Jeanne and her husband, Walter, a foreman at an oil refinery, provided Reed with a structured lifestyle. After football practice each night, for example, he usually napped until 9:30, then studied with Jeanne until midnight. His grades gradually improved, and he enrolled in tougher classes in his senior year. He was becoming more confident in his schoolwork, so much so that one night late in his junior year he shooed away Jeanne when she tried to help him with his math homework. When she checked his work later, Jeanne found all correct answers. "I actually can learn," Reed told her.
Since then, Reed says, he's been obsessed with realizing his potential. His motto became: Listen, learn, then lead. "There was something inside of me that [the Halls] brought out," Reed says. "And once I realized what I could do, I wanted to take it to another level. I saw if I did things right, people would follow me."
As a senior he had 83 tackles and seven interceptions and was recruited by Miami, LSU and Tulane. He chose Miami, where he was a two-time All-America safety, helped the Hurricanes win the 2001 national title and graduated with a degree in liberal arts. By his senior year he had established himself as one of Miami's leaders, on and off the field. Each weekday morning before the season he would wake up at 5:30 and direct his teammates through their off-season conditioning drills. At night he would join his friends and teammates at one of the area's many clubs, usually to make sure they avoided trouble.
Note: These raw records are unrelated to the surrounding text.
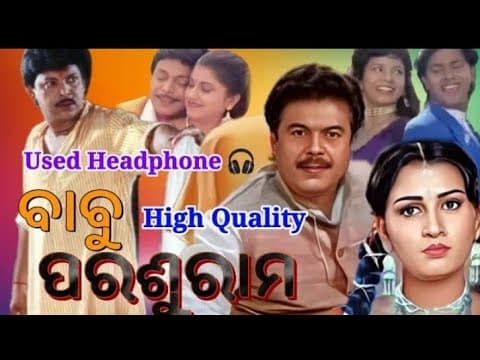 Babu Parsuram Movie Film Babu Parsuram Bijaya Mohanty Mihir Das movie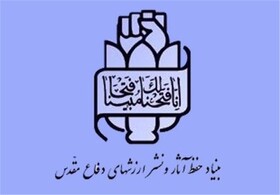 فراخوان سومین جشنواره پرچمداران انقلاب اسلامی، دفاع مقدس و مقاومت اسلامی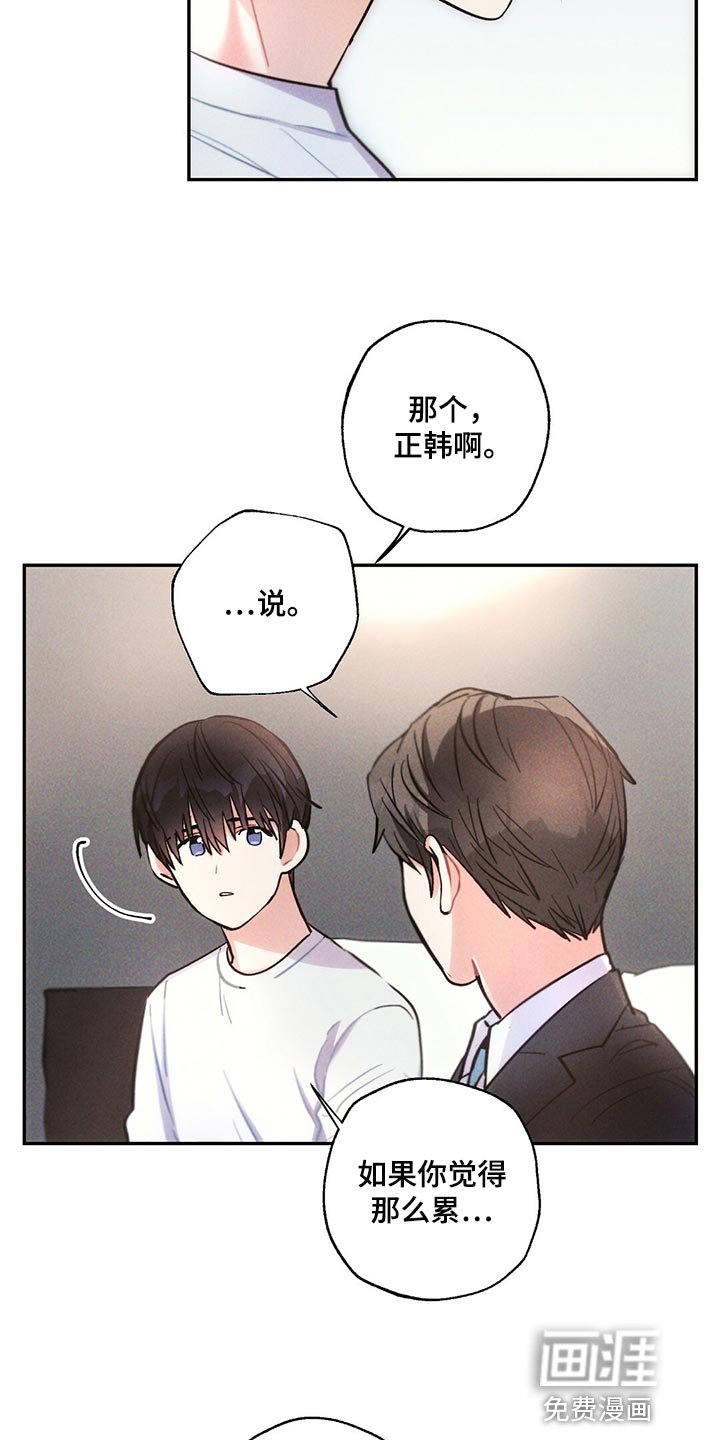 第100章：回到原来的关系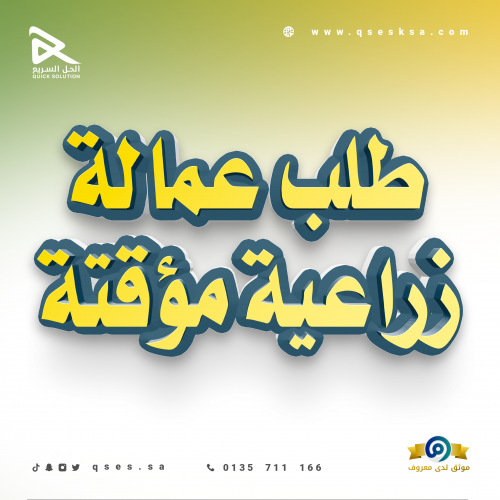 طلب عمالة زراعية مؤقتة (الزراعة)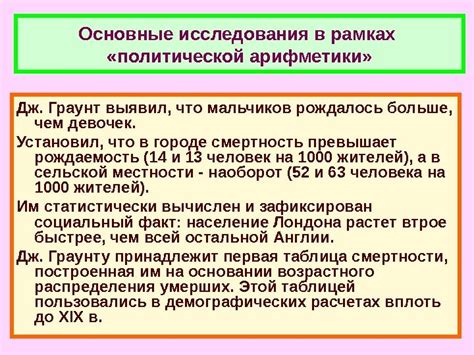 Начало активных исследований в области политической арифметики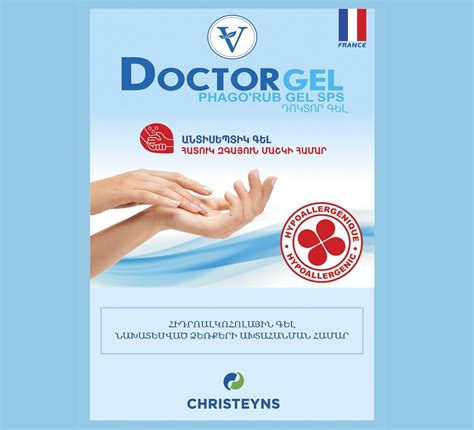 ԴՈԿՏՈՐ ԳԵԼ – Doctor Shop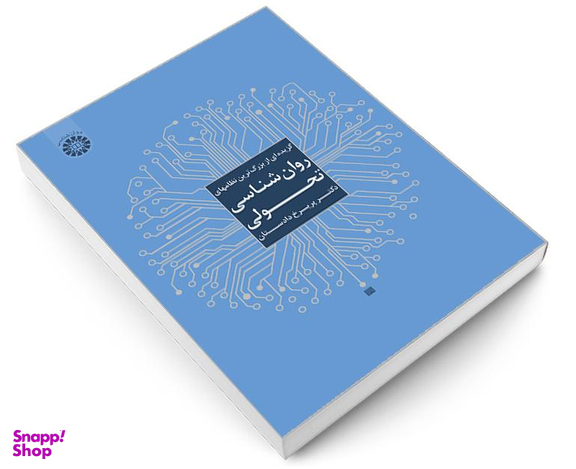 کتاب گزیده ای از بزرگ ترین نظامهای روان شناسی تحولی اثر دکتر پریرخ دادستان نشر سمت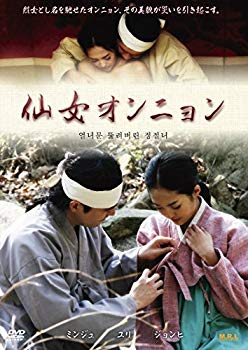 【中古】【非常に良い】仙女オンニョン [DVD] 2zzhgl6｜IINEX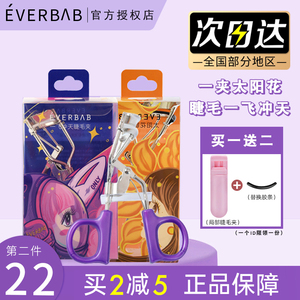 everbab一飞冲天睫毛夹下太阳花定型卷翘持久大开眼界局部女新手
After he was selected with the No. 24 pick in the 2002 draft, Reed gravitated to fellow Miami alum Ray Lewis. The two players watched game tapes for hours at Lewis's home, and they trained together in the off-season. Some teammates jokingly called Reed "Ray Jr.," but he didn't mind. He'd found another mentor, another Jeanne Hall. His interception total has increased each year in the pros--five as a rookie, seven in '03, then nine--and he's played in the last two Pro Bowls. "Some stars would be challenged by the rise of an Ed Reed," Ravens coach Brian Billick says, "but Ray isn't."